Turning fifty means one has lived a half a century. While it doesn’t mean that my life is fleeting it does probably mean that the band has left the field at halftime and we are at least watching the third quarter. It also is a time to reflect on what has passed and what the future holds.

I’ve never been one to set a lot of goals. My life has been a lot like the feather in the movie “Forrest Gump.” The feather went through life and had some grand adventures. I’ve always just flowed through and taken whatever challenges and opportunities came my way.
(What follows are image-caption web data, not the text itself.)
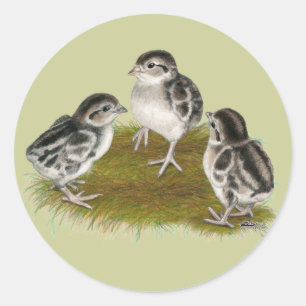 Chukar Partridge Chicks Classic Round Sticker
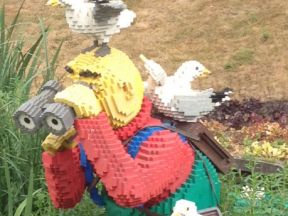 Seagull hazard at Legoland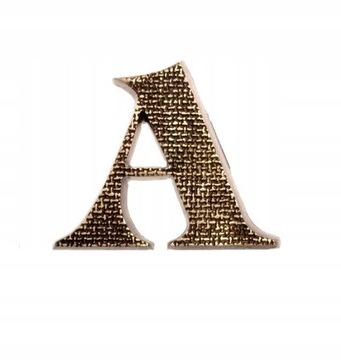 Litera MOSIĘŻNA na dom 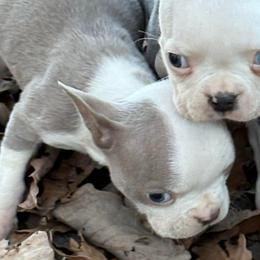 Lilac male - Lilac male Boston Terrier puppy in Mc Donough, Georgia from Ballard Boston Terriers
I’m fairly well satisfied and can’t think of anything in life that I would drastically change. Sure I would have told my mom and dad I loved them more often I would probably have worked a little harder in some of my classes at the University of Georgia and tried to eat a little better.

Thirty years ago I never imagined that I would be the pastor of a Methodist Church in a county seat town in Middle Georgia but that is where I find myself today and I am fine with that.

I did set one goal a little over twenty five years ago to marry the prettiest girl I’d ever seen and I can check that off as something that I’ve accomplished. She and I have raised a beautiful daughter who now is beginning to flap her wings and fly on her own.

What I do know is that wherever I’ve been in that past and wherever I go in the future I do not travel alone. God is with me. He’s been with me for fifty years. He will be with me through eternity and for that I am grateful.